Your task —
Print every line below that comes at or after the line containing "Silberfarbene Sternbild Offene", exactly as written.

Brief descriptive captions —
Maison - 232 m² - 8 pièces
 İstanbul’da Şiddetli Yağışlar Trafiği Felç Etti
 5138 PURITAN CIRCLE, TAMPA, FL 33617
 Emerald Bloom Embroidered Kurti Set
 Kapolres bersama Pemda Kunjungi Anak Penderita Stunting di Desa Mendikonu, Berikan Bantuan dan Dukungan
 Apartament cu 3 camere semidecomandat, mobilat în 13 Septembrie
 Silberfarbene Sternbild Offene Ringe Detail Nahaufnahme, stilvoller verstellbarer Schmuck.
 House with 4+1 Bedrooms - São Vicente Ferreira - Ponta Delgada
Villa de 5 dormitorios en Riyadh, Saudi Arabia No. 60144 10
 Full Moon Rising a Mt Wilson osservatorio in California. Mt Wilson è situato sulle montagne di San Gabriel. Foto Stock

Response area —
 Silberfarbene Sternbild Offene Ringe Detail Nahaufnahme, stilvoller verstellbarer Schmuck.
 House with 4+1 Bedrooms - São Vicente Ferreira - Ponta Delgada
Villa de 5 dormitorios en Riyadh, Saudi Arabia No. 60144 10
 Full Moon Rising a Mt Wilson osservatorio in California. Mt Wilson è situato sulle montagne di San Gabriel. Foto Stock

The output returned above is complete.